Capgemini & RBS: Electronic payments market grows 9%

07 October 2014 2 min. read

The number of electronic payments has grown last year with 9.4% to a total of 366 billion transactions, fueled by strong growth in developing markets and the use of credit (up 9.9%) and debit cards (up 13.4%), concludes a new research from Capgemini and Royal Bank of Scotland.

In 2009 the electronic payments market accounted for nearly 270 billion transactions. Between 2009 and last year the market has grown strongly, with a CAGR of above 7%, to 366 billion transactions in 2013. North America and Europe together represent approximately 60% of the total market.

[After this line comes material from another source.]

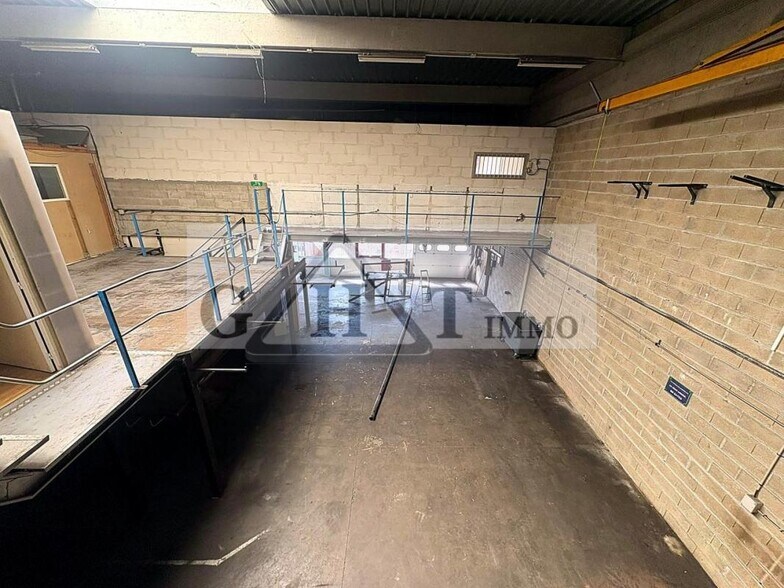 Industrial in Savigny Le Temple for sale - Interior Photo - Image 1 of 15
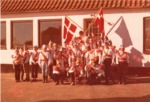 Opstilling foran Den Hvide Skole. Foto er venligst fremsendt af Claus Schmidt. Claus forldre havde Laurbjerg Bageri i tiden 1971 - 1977.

Electronic Transactions Market

The growth in the industry can, however, for a large part be attributed to developing countries – more than 50% of global non-cash payment growth comes from upcoming markets. For example, the Central European, Middle-East and Africa (CEMEA) region grew with a CAGR of >25% between 2008 and 2012, while Latin America booked a CAGR of just under 20%. A large difference with the ‘low’ growth rates of the more ‘mature’ European (CAGR = 4.3%) and North American markets (CAGR = 3.6%). China is, in the view of the researchers, the largest disruptor for the future. “If China’s growth rates remain at the current high level, it could become the largest market for non-cash transactions within just five years,” says William Higgins, Managing Director of Payments at RBS.

Payments Growth Rate

Frontrunner in electronic payments is Finland, with 448 transactions per person per annum, followed by the U.S. and The Netherlands. The UK finds itself on the 9th place, in between South Korea and France.

Electronic Transactions per Country

Opportunities and challenges
According to Capgemini and RBS, the fast-growing market is creating large opportunities for the payments industry and enterprises in its ecosystem. Yet at the same time it also brings along massive operational challenges for payment service provider (PSPs), including coping with the large rise in demand for electronic payments, managing the convergence of e- and m-payments and dealing with the intensifying competition and tightening regulatory framework.